City of Lights Gets Curfew as France Implements Regulations

As one of the world’s most comprehensive lighting ordinances went into effect last month, France — including the City of Light — grew darker late at night. Between the hours of 1am and 7am, shop lights are turned off, lights inside office buildings must be extinguished within an hour of workers leaving the premises and the lighting on France’s building facades cannot be turned on before sunset. Within the next two years, there will also be regulations restricting lighting on billboards – but why? Excessive use of light makes a deep impact on environmental wellness, not only harming the wellbeing of animals but also adversely affecting our health and wellness.
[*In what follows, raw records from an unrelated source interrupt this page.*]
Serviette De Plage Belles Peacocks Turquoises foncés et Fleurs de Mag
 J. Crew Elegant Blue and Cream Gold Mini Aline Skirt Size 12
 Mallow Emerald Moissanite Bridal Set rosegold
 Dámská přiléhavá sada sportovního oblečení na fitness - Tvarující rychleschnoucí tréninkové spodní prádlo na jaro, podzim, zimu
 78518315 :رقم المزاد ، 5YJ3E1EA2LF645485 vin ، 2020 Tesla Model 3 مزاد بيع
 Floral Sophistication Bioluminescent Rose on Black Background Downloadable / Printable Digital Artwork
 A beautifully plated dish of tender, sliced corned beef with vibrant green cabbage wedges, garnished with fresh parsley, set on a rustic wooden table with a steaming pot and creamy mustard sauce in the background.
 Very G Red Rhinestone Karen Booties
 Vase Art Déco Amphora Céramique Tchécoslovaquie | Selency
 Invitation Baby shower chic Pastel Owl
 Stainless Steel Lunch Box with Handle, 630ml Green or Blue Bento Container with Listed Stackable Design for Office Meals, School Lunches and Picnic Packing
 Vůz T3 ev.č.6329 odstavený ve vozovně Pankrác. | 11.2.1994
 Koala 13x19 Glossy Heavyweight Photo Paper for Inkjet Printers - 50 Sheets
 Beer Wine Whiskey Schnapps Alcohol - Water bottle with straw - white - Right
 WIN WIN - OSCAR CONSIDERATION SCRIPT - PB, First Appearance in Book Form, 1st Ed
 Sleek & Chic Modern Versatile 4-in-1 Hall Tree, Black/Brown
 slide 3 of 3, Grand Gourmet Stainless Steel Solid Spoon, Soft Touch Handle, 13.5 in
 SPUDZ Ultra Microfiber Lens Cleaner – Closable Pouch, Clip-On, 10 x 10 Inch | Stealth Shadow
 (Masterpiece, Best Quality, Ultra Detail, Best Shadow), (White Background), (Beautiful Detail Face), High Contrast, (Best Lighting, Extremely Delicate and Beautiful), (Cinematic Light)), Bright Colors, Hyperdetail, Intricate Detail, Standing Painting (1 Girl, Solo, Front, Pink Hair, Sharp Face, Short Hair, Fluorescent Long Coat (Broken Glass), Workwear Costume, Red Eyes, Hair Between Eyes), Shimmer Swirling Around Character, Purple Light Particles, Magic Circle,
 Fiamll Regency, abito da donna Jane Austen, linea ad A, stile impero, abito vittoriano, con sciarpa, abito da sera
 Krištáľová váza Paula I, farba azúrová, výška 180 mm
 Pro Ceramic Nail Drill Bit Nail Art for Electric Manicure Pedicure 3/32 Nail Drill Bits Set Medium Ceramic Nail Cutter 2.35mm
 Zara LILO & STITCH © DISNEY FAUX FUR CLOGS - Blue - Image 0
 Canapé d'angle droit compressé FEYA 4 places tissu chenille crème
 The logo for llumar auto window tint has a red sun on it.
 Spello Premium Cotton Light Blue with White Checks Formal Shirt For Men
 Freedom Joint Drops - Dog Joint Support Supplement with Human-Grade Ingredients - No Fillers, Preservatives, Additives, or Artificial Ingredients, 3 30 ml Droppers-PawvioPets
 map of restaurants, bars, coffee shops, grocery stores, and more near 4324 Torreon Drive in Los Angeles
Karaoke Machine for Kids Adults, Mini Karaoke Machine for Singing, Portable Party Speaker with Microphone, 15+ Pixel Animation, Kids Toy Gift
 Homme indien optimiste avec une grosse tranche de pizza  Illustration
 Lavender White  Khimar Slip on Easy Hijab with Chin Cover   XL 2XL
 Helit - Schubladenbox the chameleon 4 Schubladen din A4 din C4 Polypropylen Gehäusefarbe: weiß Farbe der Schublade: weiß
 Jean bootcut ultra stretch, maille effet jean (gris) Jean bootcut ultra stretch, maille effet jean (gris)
France’s enlightened approach should eventually cut the country’s carbon dioxide emissions by 250,000 tons per year, save the annual energy consumption of about 750,000 households, and slash France’s overall energy bill by 200 million Euros, or 167.8 million pounds. According to France’s Environment Ministry, their goal is to ‘reduce the print of artificial lighting on the nocturnal environment,’ which is a powerful acknowledgement that excessive use of lighting is negatively impacting health and our ecosystems, as well as proving that light pollution is readily within our grasp to control.


Paul Bogard, author of The End of Night: Searching for Natural Darkness in an Age of Artificial Light and editor of Let There Be Night: Testimony on Behalf of the Dark, explains, ‘Researchers are increasingly focusing on the impacts of so-called ecological light pollution, warning that disrupting these natural patterns of light and dark, and thus the structures and functions of ecosystems, is having profound impacts. The problem is worsening as China, India, Brazil, and numerous other countries are becoming increasingly affluent and urbanised. Satellite views of Earth at night show vast areas of North America, Europe, the Middle East, and Asia glowing white, with only the world’s remotest regions — Siberia, the Tibetan plateau, the Sahara Desert, the Amazon, and the Australian outback — still cloaked in darkness.’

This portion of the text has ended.